Strange, the encryption did not work for me with the official FP OSOS release. @freibadschwimmer did you flash FP OSOS over the self-built OSOS or the proprietary version of the Fairphone OS (with Google services)? Could it be that the partitions are sized differently on our phones?

I flashed it over Sailfish OS :smiley:

(which was flashed over 1.2.8)


Interesting :smiley:

My journey was as follows:

  1. User shipped (proprietary) FP2 OS
  2. Encrypt data partition
  3. Flash FP2 OSOS
  4. Encryption failed with error: E/Cryptfs ( 237): Orig filesystem overlaps crypto footer region. Cannot encrypt in place.

Do you know if flashing changes the size of the userdata paritition if the userdata partition already exists?

This is a good question, though I don’t have an answer for that.
It would make sense if flashing a whole system also rewrites the partition table/scheme, but I don’t know if that is actually the case.

When you tried encrypting, how full was your data partition? I think that the system may first make a copy of your files before starting the encryption process, so it might be necessary (though I don’t know that) that you need at least as much free space as the data needs. But this is just an assumption. I usually always encrypted at the very beginning of using a new OS install, before pulling any backups on the phone.

I encrypted practically right after flashing FP OSOS.
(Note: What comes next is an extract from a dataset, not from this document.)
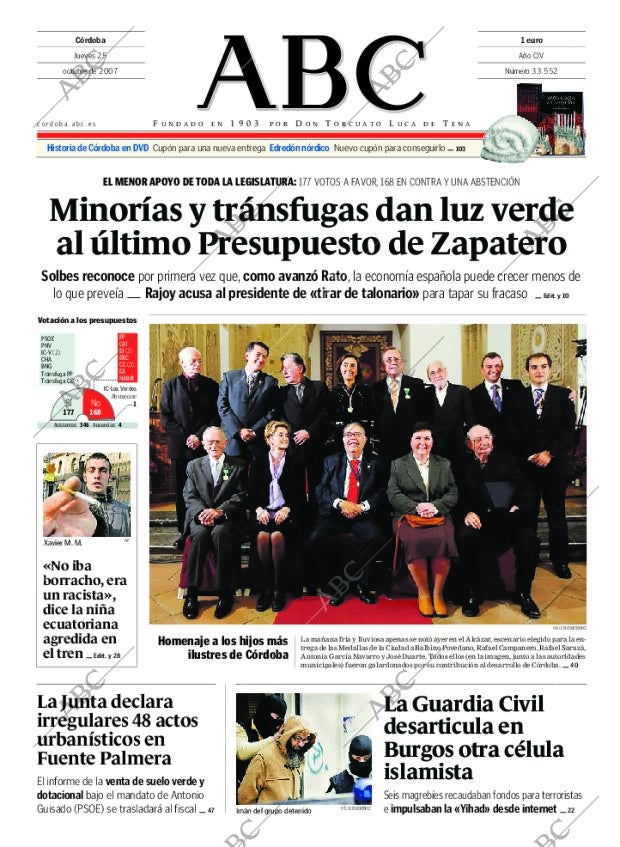 ABC CORDOBA 25-10-2007 página 1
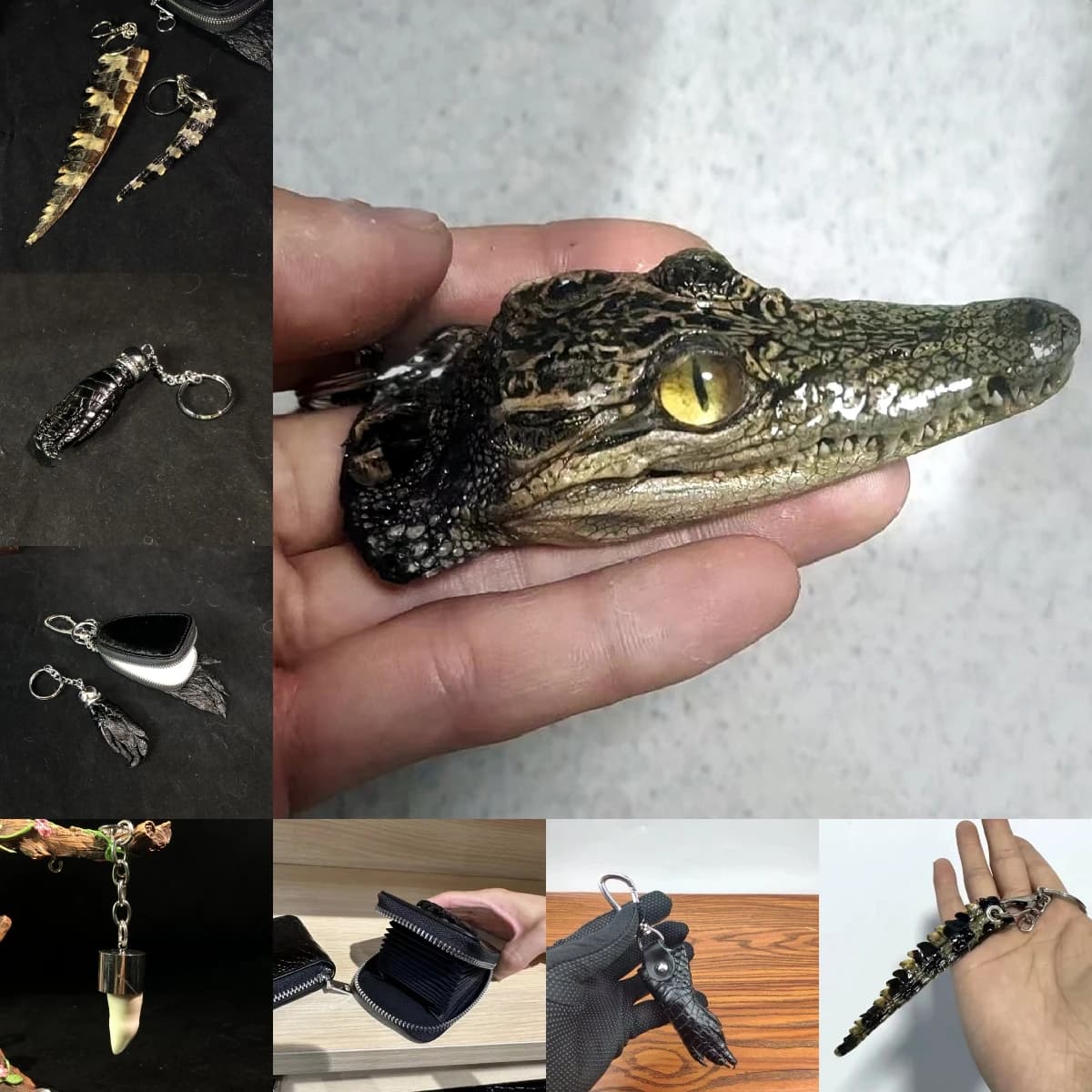 2058 Handmade Crocodile Head Teeth Claw Model Punk Desktop Ornament Art Craft Figurine Home Room Decor Creative Gift for Reptile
The system does not make a copy of your files when encrypting but rather encrypts them on the fly. In order to encrypt a partition Android adds a crypto-footer (additional space after the partition) and this space was missing/not enough. So the problem was not that the filesystem was too full but that the size of the partition was too large and the crypto footer could not be added anymore.

The relevant piece of code which causes the encryption to be aborted is located here:

If less there are less than 32 (CRYPT_FOOTER_OFFSET / CRYPT_SECTOR_SIZE) sectors available after the filesystem, the encryption is aborted.
Now the question remains: Why are there less than 32 sectors available on some installations? How can the partition be different when the same image is used?


Unfortunately the update to the 16.05 version didn’t work for me, so I flashed the whole system. Then I ran also into the problem that I couldn’t encrypt the device anymore.
Anyhow, following @tphysm’s workaround I was able to encrypt the device again! So thanks for that tips. I can confirm now that this workaround also worked for me.